Game of Thrones S05E03 recap and review: High Sparrow
Sansa and Arya evolve. Jon Snow makes a big decision. And we all learn the true meaning of friendship. Okay, maybe not. Here is the recap and review for Game of Thrones'S05E03, 'High Sparrow.'
Game of Thrones S05E03 recap: 'High Sparrow'
Welcome back, Dire Wolf Fans, and thank you for tuning back in. This is the recap and review for Game of Thrones S05E03, titled “High Sparrow.” Spoiler alert, obviously.
Season 5 so far:
- Tyrion Lannister and Varys the Spider are on the long and winding road to Team Dragon Mama, acting like the title characters in Rosencranz and Guildenstern are Dead, or maybe Batou and Togusa from Ghost in the Shell: Innocence, trading philosophical bons mots and nihilistic one-liners.
- Cersei Lannister has taking a break from throwing more shade at Margaery Tyrell than a solar eclipse to guilt-trip Jaime Lannister into rescuing their daughter Myrcella from Dorne. (That they didn’t do it on their dad’s corpse is... well, to be honest, disappointing.)
- Brienne of Tarth and the Left Shark Podrick Payne are following Sansa Stark, who’s under the Svengali spell of Petyr “Littlefinger” Baelish. Brienne’ll protect the eldest daughter of Ned Stark whether she likes it or not.
- Daenerys Targaryen is finding out that, when your subjects make snake noises at you, you’re failing at governance. Upside: a quick night-time visit from Drogon the big dragon. Still a crap name for a dragon. Homstor the hamster is still missing. (Also, Daario the Lothario’s backstory is basically Gladiator with a happy ending.)

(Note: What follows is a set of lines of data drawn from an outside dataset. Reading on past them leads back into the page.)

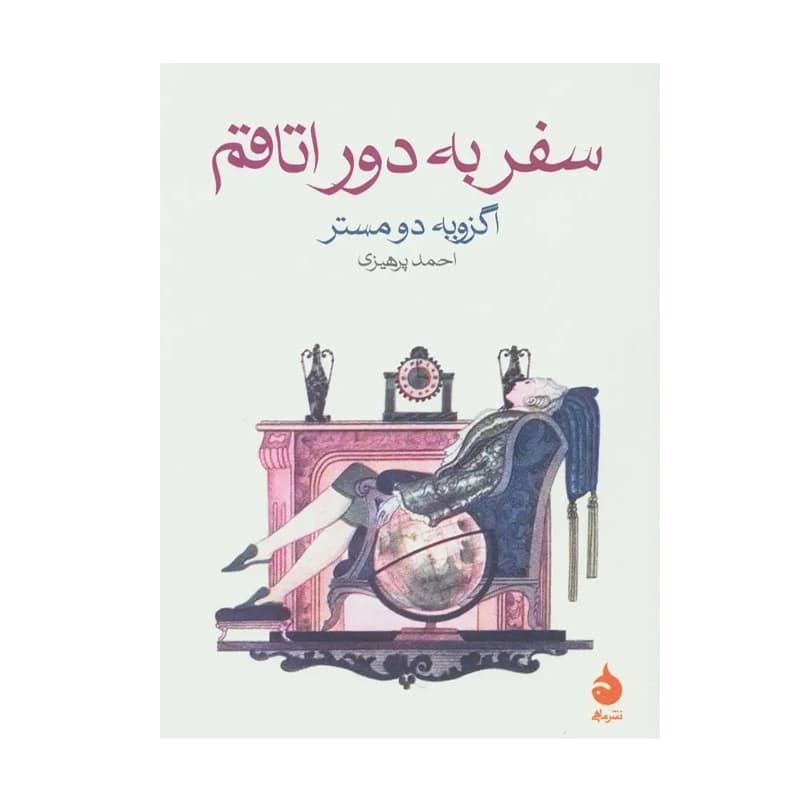 کتاب سفر به دور اتاقم — تصویر ۶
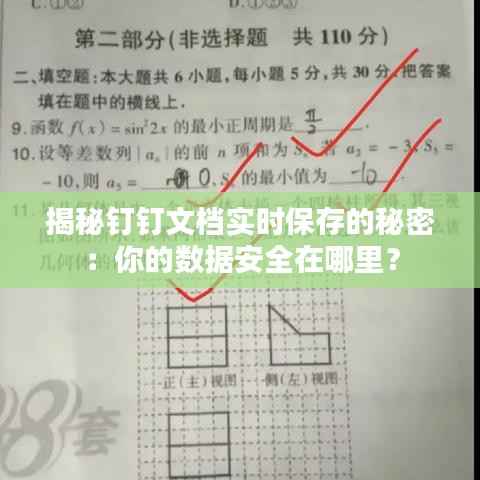 揭秘钉钉文档实时保存的秘密：你的数据安全在哪里？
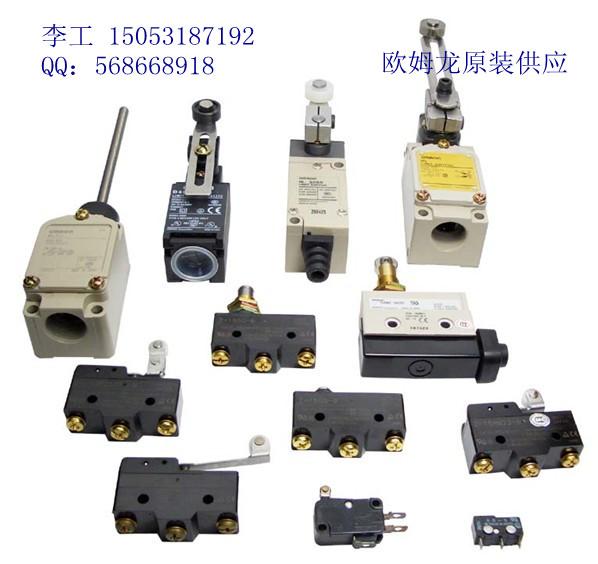 歐姆龍限位圖片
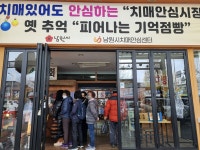 남원시, 남원공설시장 치매안심시장으로 조성
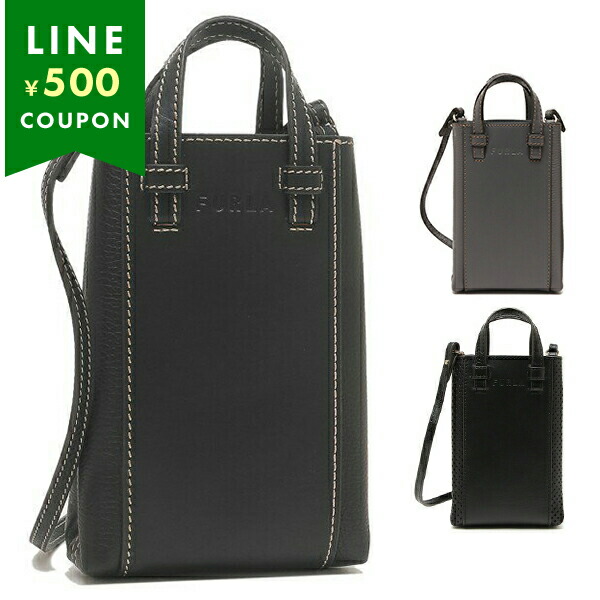 フルラ　バケットバッグ　巾着　カゴバッグ　ショルダーバッグ FURLA フルラ バッグ レディース バケットバッグ ショルダー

- Jon Snow has been voted Lord Commander of the Night’s Watch, despite banging a Wildling and putting Mance Rayder out of his misery on the execution pyre. The Crows have a higher opinion of Jon’s competence than did Ygritte. Stannis Baratheon wants Snow to lead the Wildlings in an attack on Winterfell, to reclaim it for Team Sexy Witch Religious Fundamentalism. Snow doesn’t want to do it, even though he’d be able to change his driver’s license to “Jon Stark” if he did.
- Arya Stark made it to Braavos, and was invited into Ninja Junior High by none other than Jaqen H’gar, who’s neither Fake Sidney Poitier or... Jaqen H’gar!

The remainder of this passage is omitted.